L’histoire de ces marchands est aussi prodigieuse que celles des maharajas.

Les Marwaris, enrichis par le commerce des caravanes terrestres jusqu’au XIXe siècle, se sont bâtis des demeures fastueuses, les havelis. Lorsque l’empire Britannique ajouta des voies maritimes au commerce terrestre, les Marwaris ont émigré vers les ports du Gujarat ou vers Delhi. Leur remarquable cohésion a assuré leur réussite et ils gardent à ce jour une place importante dans le commerce de détail de l’Inde du Nord. Jaïns ou hindouistes, ils ont donné naissance à de grandes familles industrielles : Birla, Goenka, Bajaj, Poddar, Modi, etc.

Enfin, ces marchands se sont reconvertis dans le tourisme.
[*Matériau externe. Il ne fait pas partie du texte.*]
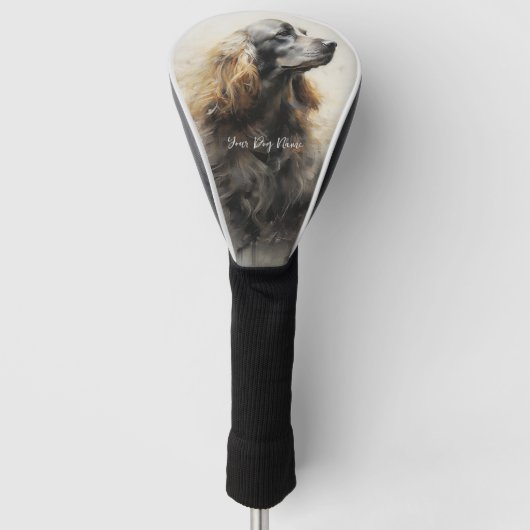 Cocker Spaniel Hond in de wind 004 - Yacobsen Dero Golfheadcover (Voorkant)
Chaque année, 3 millions de touristes  viennent au Rajasthan admirer le patrimoine culturel, se reposer dans les hôtels de luxe (avec piscine) installés dans les palais des maharajas ou dans les hôtels de charme situés dans les havelis des marchands. Ils viennent aussi profiter d’un soleil généreux puisque Jodhpur est considérée comme la ville la plus ensoleillée de l’Inde.

Qui dit soleil généreux dit aussi manque d’eau !
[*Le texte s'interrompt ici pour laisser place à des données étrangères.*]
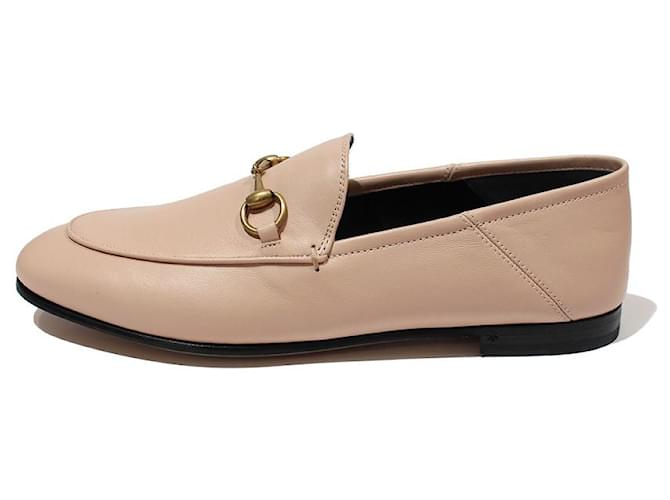 Nude gucci hot sale loafers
Porteuse d’eau dans l’Inde éternelle

Une porteuse d’eau près de Jodhpur (photo de Maryse Verfaillie, mars 2013)

Une porteuse d’eau près de Jodhpur (photo de Maryse Verfaillie, mars 2013)
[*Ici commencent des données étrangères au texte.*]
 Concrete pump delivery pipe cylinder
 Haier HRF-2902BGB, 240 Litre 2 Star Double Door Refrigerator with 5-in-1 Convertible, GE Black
Cette paysanne, surprise au sortir de Jodhpur, en ce mois de mars 2013 est véritablement intemporelle. Elle est vêtue du costume traditionnel du Rajasthan : une jupe longue froncée à la taille, un boléro court couvrant poitrine et épaules, un voile qui enveloppe les épaules et couvre la tête, si un étranger s’approche, et dont un pan est maintenu dans la ceinture de la jupe. A ses bras, des bracelets multicolores, incrustés de brillants (petits miroirs et strass). Sur la tête, elle vient de poser ses cruches d’eau, l’une en terre vernissée, issue de la poterie locale et l’autre en laiton étincelant. Aucun échange n’est possible et malgré le chatoiement des couleurs, le silence est pesant.

La population rurale du Rajasthan (3/4 des habitants) continue de mener une vie précaire conditionnée par la mousson. Aller chercher de l’eau reste l’une des tâches primordiales des femmes.

Au Rajasthan, pays de tradition et pays pauvre subsiste le sati, pourtant légalement interdit depuis des décennies. Il désigne le sacrifice accompli par la veuve qui s’immole sur le bûcher funéraire de son époux. Des mains de femmes, paumes levées, témoignent, dans le fort de Meherangarh de cette coutume. Les quotidiens locaux rapportent que cette pratique n’appartient pas encore véritablement au passé et que des femmes sont contraintes de s’immoler à la mort de leur mari.